- YOUR INSTRUCTIONS: Exactly as written, print every line of the listing below and omit its pictures.

(DATA EXCERPT begins)

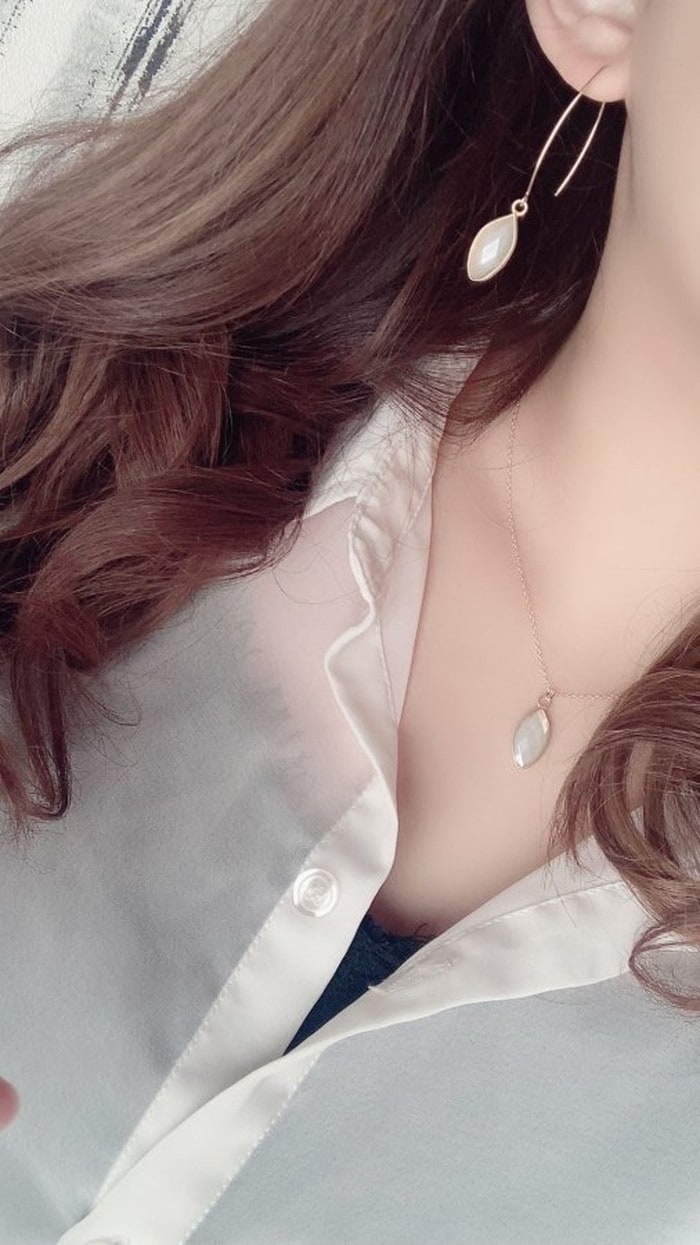 ホワイトムーンストーン 14kgf marquise long stick pierce EL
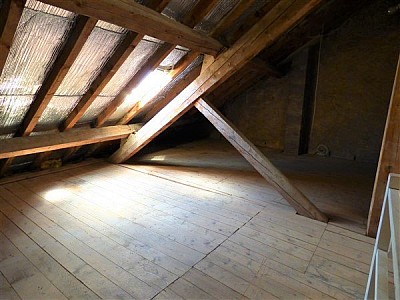 MAISON A LOUER - DIVONNE LES BAINS - 117.26 m2 - 2500€ charges comprises par mois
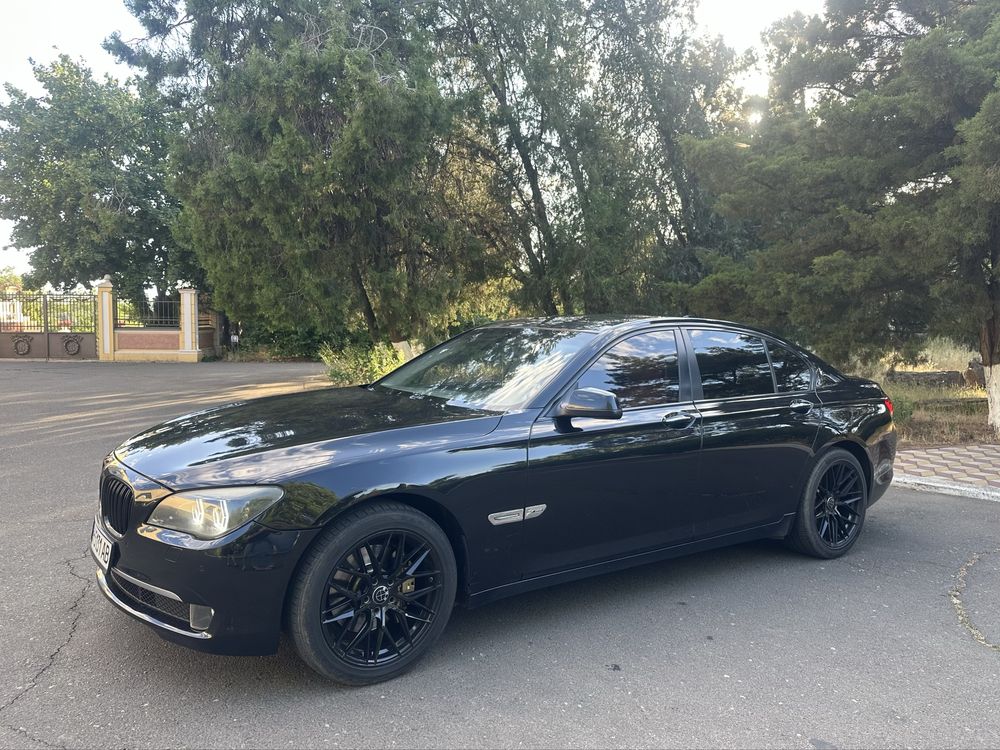 BMW 7  дизель. 740xDrive повний привід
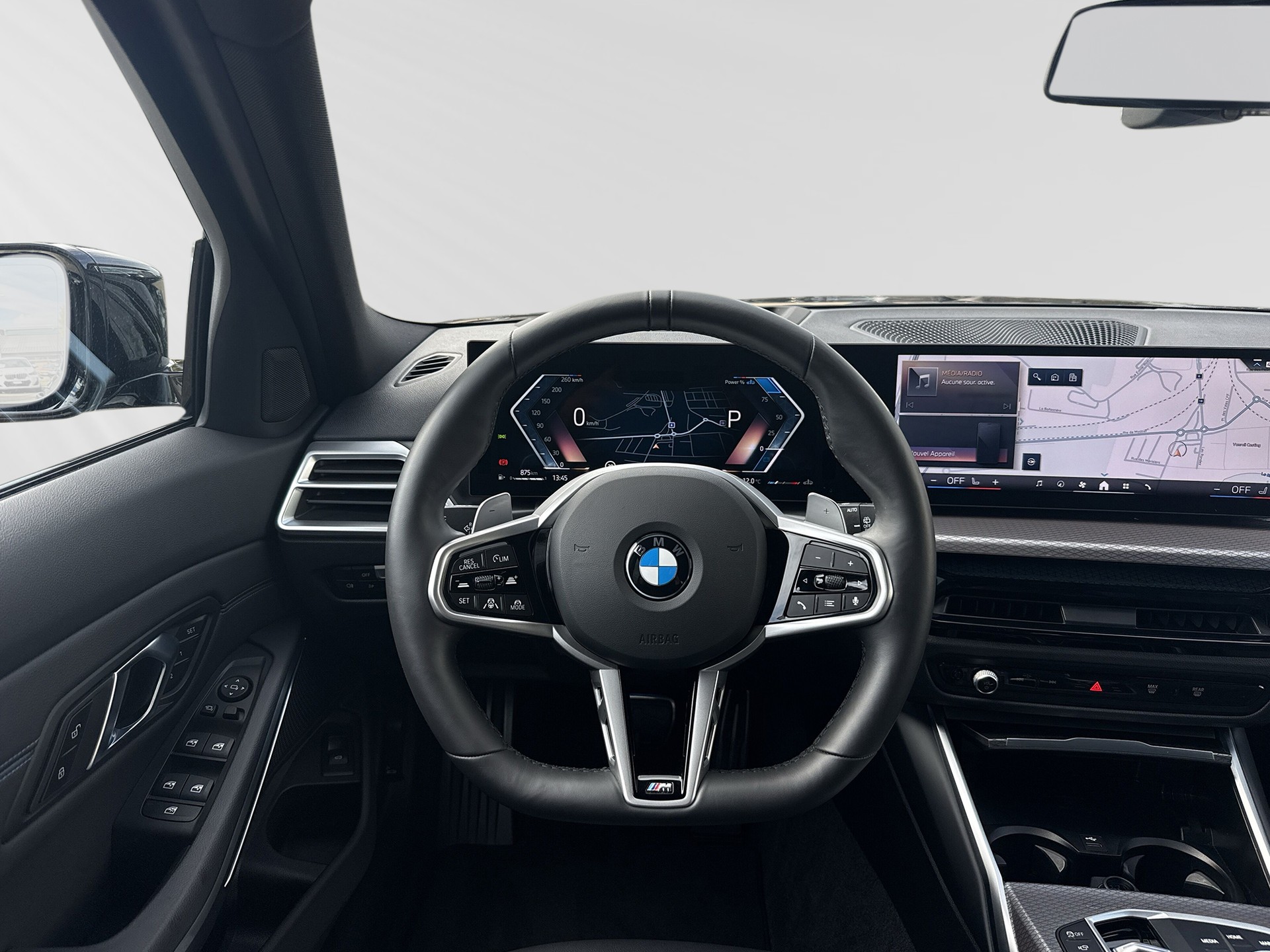BMW 320d xDrive 48V Touring Steptronic M Sport-image-4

(DATA EXCERPT ends)

- ANSWER TO THE EXERCISE:
 ホワイトムーンストーン 14kgf marquise long stick pierce EL
 MAISON A LOUER - DIVONNE LES BAINS - 117.26 m2 - 2500€ charges comprises par mois
 BMW 7  дизель. 740xDrive повний привід
BMW 320d xDrive 48V Touring Steptronic M Sport-image-4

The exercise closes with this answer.